Who Killed the Kernel?

Delivering outstanding performance with SolarFlare EF_VI

High performance algorithmic trading involves sophisticated software and hardware components operating in harmony to effectively accomplish market operations. Traders are continually seeking faster market data and order execution services with lower slippage to more accurately qualify their orders. As volumes continue to rise, firms are faced with increasing levels of throughput while still needing to maintain their current or even lower latency targets in order to stay competitive.

FPGA and hardware solutions have become popular for specific scenarios. However, Velas software allows clients to achieve low latency and high throughput in a flexible, cost-effective manner by combining commodity hardware with kernel bypass techniques and an ever-evolving set of software features.

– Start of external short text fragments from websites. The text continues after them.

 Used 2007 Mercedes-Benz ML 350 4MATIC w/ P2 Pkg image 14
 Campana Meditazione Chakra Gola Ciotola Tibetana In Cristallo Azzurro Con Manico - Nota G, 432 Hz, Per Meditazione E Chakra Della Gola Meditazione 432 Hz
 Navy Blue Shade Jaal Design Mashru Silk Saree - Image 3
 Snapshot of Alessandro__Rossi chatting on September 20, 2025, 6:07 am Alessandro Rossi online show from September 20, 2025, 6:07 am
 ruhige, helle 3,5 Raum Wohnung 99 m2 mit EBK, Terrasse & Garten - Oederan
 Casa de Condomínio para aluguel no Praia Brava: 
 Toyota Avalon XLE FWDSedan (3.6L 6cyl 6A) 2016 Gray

The Linux kernel wasnt meant to handle mega message transfer rates leading to Kernel Bypass…

Vela software runs on the latest generation of commodity servers without the need for custom hardware. This helps lower costs and simplifies the ongoing infrastructure management and support by leveraging widely available skill sets. However, commodity hardware is not without its disadvantages; the Linux kernel is not designed to meet current algorithmic trading demands of passing millions of messages per second between financial networks and trading applications, at sub-microsecond latency. The performance is negatively impacted by context switching since the OS needs to manage state as control is passed from kernel space, where the network drivers reside, to user space where the application runs. Additional cores dont help matters as they scale inversely due to the overhead of multi-processing distributed shared memory management. For example, in tests, while a single core delivered close to 1.5 million packets per second, a dual core system dropped to about one third of that number, and it would take up to approximately 20 cores to just reach the equivalent throughput of a single maxed out core.

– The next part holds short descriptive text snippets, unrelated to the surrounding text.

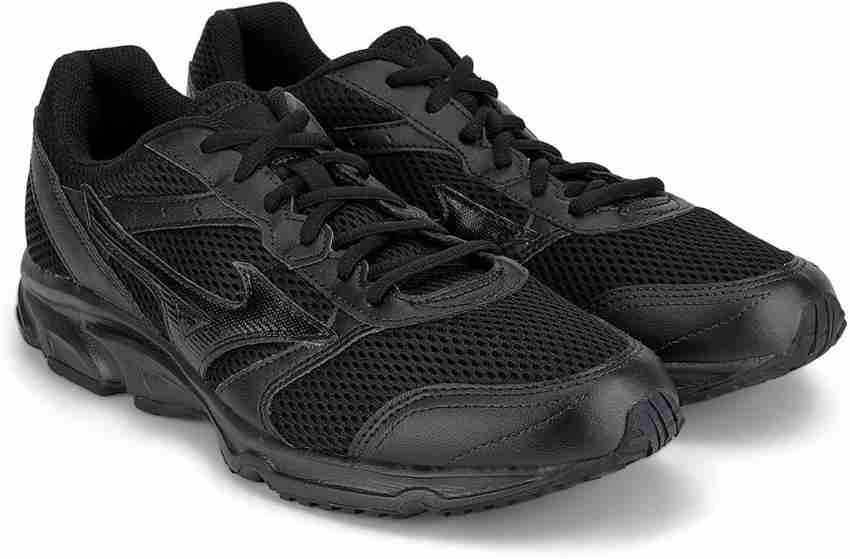 Mizuno maximizer 18 running shoes on sale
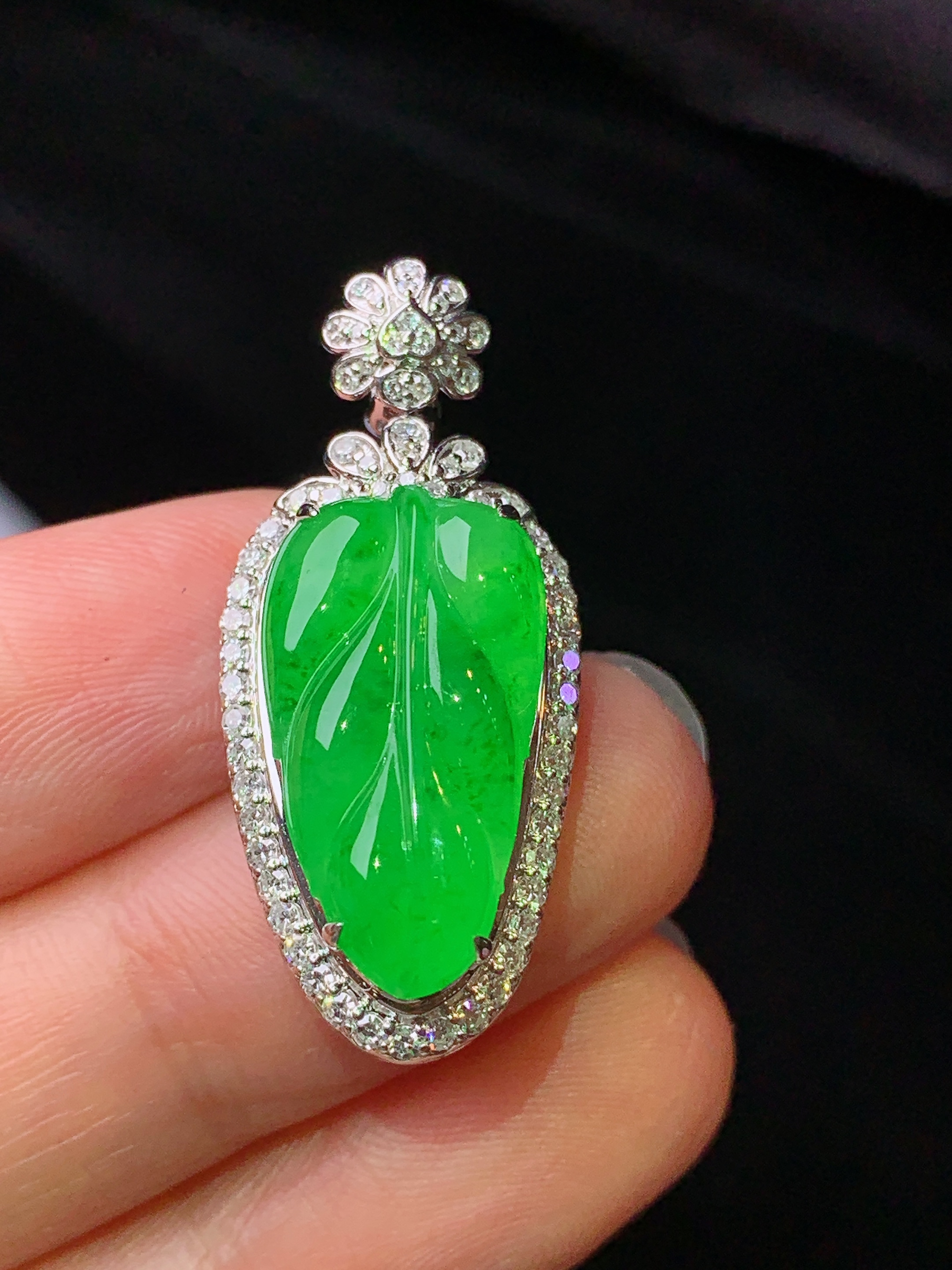 18k金钻镶嵌翠绿树叶吊坠 玉质细腻 色泽艳丽清新 水润亮眼 整体尺寸32.3*14.2*9h1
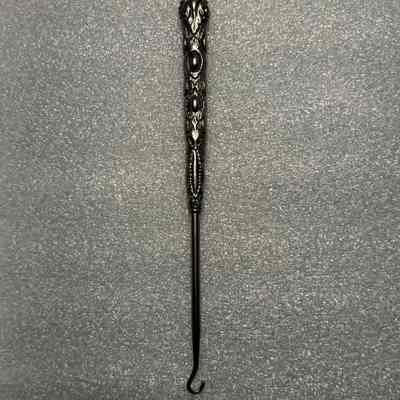 Buttonhook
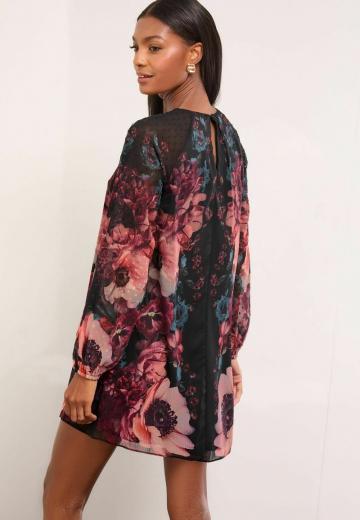 Короткое платье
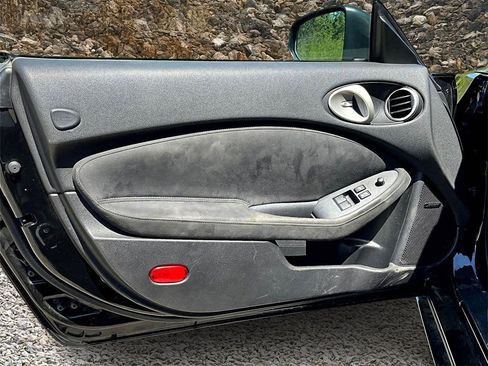 Used 2014 Nissan 370Z Touring w/ Sport Package image 21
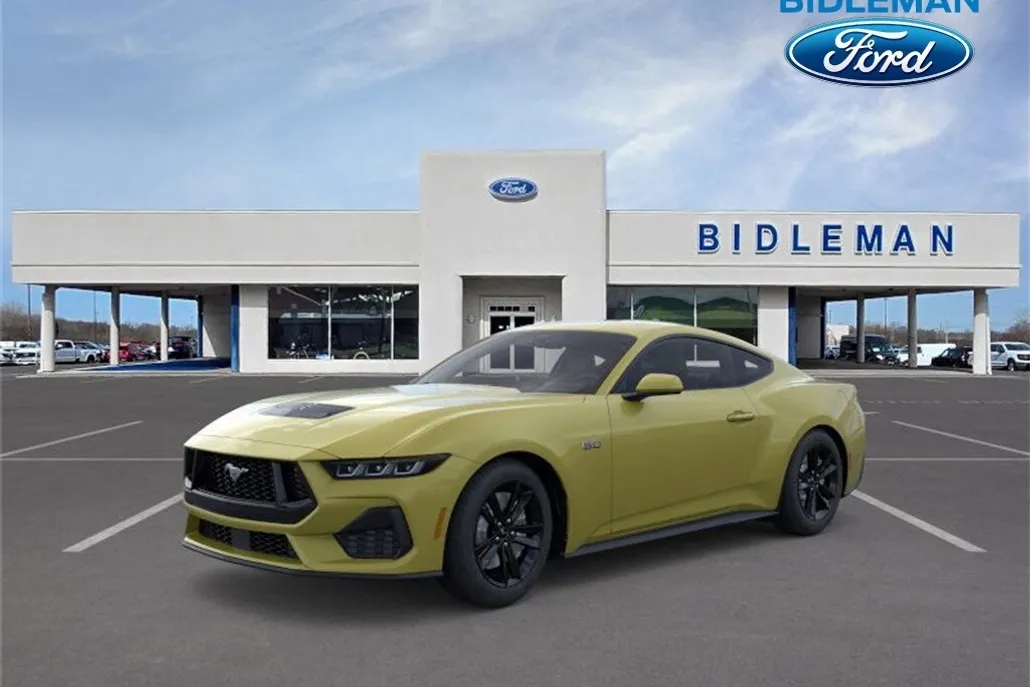 2025 Ford Mustang GT photo 1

The most effective way to avoid overwhelming the kernel and overcome these challenges is to enable NICs to intercept system calls when transferring packets and take control of them directly in hardware, i.e., bypass the kernel. This leaves all other components intact and the localizing message transfer performance management to the NIC itself. Not only does this approach resolve the above challenge with standard hardware, but it addresses growing performance demands as the market size and pace continue to rise.

Solarflare OpenOnload NIC comes in…

OpenOnload is a SolarFlare developed, high-performance network stack that dramatically reduces latency and boosts throughput by bypassing the Linux kernel and directly accessing the NIC. It has support for both TCP and UDP network transport protocols, and a standard API that requires no modifications to end user applications. SolarFlares Ethernet Fabric Virtual Interface (EF_VI) is a proprietary library that allows for even lower level access to the NIC while utilizing standard NIC features in a consistent novel way.

EF_VI delivers half-round trip latency in the sub-microsecond range which is an order of magnitude higher than typical kernel stack latency. It performs network processing in user space; and as it bypasses the kernel it reduces the number of data copies and kernel context switches. Up to three million messages per second can be delivered via a single core.

Vela offers market data delivery with Solarflare NICs

The Vela stack is comprised of modular software components that enable access to all major asset classes and liquidity venues to successfully execute latency-sensitive trading strategies and manage risk across multiple markets. In particular, the Vela Ticker Plant integrates SolarFlare EF_VI to achieve the lowest possible latency and highest available throughput from software-based market data solutions. It utilizes virtual interfaces to establish the relationship between EF_VI resources and the lock-free inbound queue of the thread that handles the data on that interface. This – combined with flexible configuration of threads, DMA buffers, and small buffer pools – allows Vela to optimize the deployment against the shape of the inbound data distribution. Deploying all of this on tuned commodity hardware reduces infrastructure costs, provides transparency and faster issue resolution as well as flexibility for future growth. In recent capacity testing against 48 OPRA lines, a single Vela Ticker Plant solution deployed on a single 2U server sustained 15.6 million packets a second without any data loss (double todays production data).

In summary, by providing the agility to respond to both market developments and the fast-changing regulatory landscape, without the high costs associated with supporting any bespoke hardware, the Vela Ticker Plant delivers the performance, functionality, and flexibility needed by todays algorithmic traders to maintain a lead in a competitive marketplace.